The only way to keep your health is to eat what you don't want, drink what you don't like, and do what you'd rather not. --Mark Twain

Food is a vital part of the international lifestyle. Every country has its own unique dishes, as well as restaurants toting the dishes of foreign countries. In Boston, fare from China, Greece, Japan, Italy, the Middle East, India, France, Ireland, Mexico, and Thailand are extremely popular. Foods reflecting different regions of the United States are also popular, particularly Southern-style cuisine. Whether it's fast food or sheer elegance, American food is frequently seen as boring. American food, however, technically does not exist. This is a country of so many different cultures that everything we eat is borrowed from somewhere else.

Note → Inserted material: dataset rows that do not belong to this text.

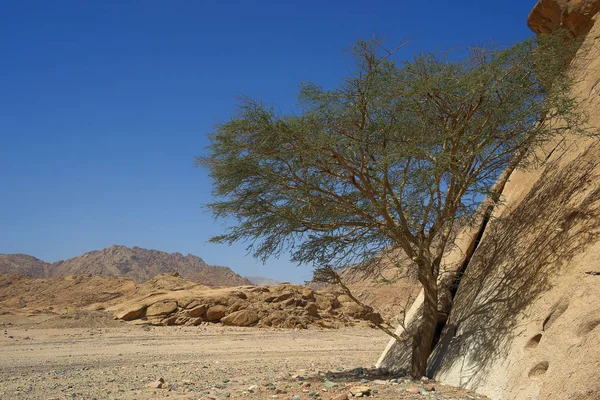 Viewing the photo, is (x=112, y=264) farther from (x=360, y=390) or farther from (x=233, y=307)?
(x=360, y=390)

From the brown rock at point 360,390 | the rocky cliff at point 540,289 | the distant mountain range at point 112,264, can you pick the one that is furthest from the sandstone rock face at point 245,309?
the distant mountain range at point 112,264

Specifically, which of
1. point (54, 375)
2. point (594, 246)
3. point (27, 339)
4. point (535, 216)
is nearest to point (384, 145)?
point (535, 216)

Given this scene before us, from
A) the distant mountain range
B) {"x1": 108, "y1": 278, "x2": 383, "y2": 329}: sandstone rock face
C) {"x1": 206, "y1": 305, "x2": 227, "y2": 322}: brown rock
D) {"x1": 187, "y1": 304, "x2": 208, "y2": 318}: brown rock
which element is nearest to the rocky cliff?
{"x1": 108, "y1": 278, "x2": 383, "y2": 329}: sandstone rock face

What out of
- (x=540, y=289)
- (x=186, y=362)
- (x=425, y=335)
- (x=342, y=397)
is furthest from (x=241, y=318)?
(x=540, y=289)

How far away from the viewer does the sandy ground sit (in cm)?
898

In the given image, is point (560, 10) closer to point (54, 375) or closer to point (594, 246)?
point (594, 246)

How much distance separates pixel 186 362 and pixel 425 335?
313 inches

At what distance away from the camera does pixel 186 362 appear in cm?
1499

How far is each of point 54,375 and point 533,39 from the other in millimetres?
11941

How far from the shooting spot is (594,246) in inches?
285

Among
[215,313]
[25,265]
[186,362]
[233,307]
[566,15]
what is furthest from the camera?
[25,265]

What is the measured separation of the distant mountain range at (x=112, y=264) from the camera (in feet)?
294

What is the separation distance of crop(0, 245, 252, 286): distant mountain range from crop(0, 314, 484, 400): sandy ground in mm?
60113

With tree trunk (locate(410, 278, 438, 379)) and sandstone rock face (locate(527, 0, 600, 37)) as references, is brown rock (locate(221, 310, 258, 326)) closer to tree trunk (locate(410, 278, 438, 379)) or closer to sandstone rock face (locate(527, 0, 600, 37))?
tree trunk (locate(410, 278, 438, 379))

I personally like to cook. It's not nearly as glorious as going out to eat, bien sur, but it's hard to like eating food and not develop a taste for the preparation as well. Most of the food I make is fool-proof - macaroni and cheese, Ramen noodles, frozen pizza bagels, frozen pizza rolls, frozen quiches, frozen potato skins. I also eat leftovers of potato salad, rice, or pasta. However, sometimes I get a little extra creative...not too often though. Our kitchen needs to last us a while and I'd hate to be the one to accidentally set it afire or something.

21st Century Sandwiches

In this busy day and age, food needs to be fast and energizing. Sandwiches, of course, are the original fast food. Aside from two slices of bread, here is a list of suggested fillings:

  • cucumber slices and chive cream cheese
  • peanut butter and brown sugar
  • peanut butter and a jelly flavor you haven't tried
  • smoked turkey, mayonnaise, and chopped olives
  • vegan turkey or pastrami with mustard
  • vegan chicken patty with any creamy salad dressing
  • Nutella (or any brand of chocolate-hazlenut spread; chocolate spreads can also be found with marshamallow, peanut butter, strawberry, or banana flavoring)
  • taco fillings

    Restaurant Chicken

    This dish sounds simple to prepare, but the result tastes similar to what you pay $8.95+ for in a restaurant.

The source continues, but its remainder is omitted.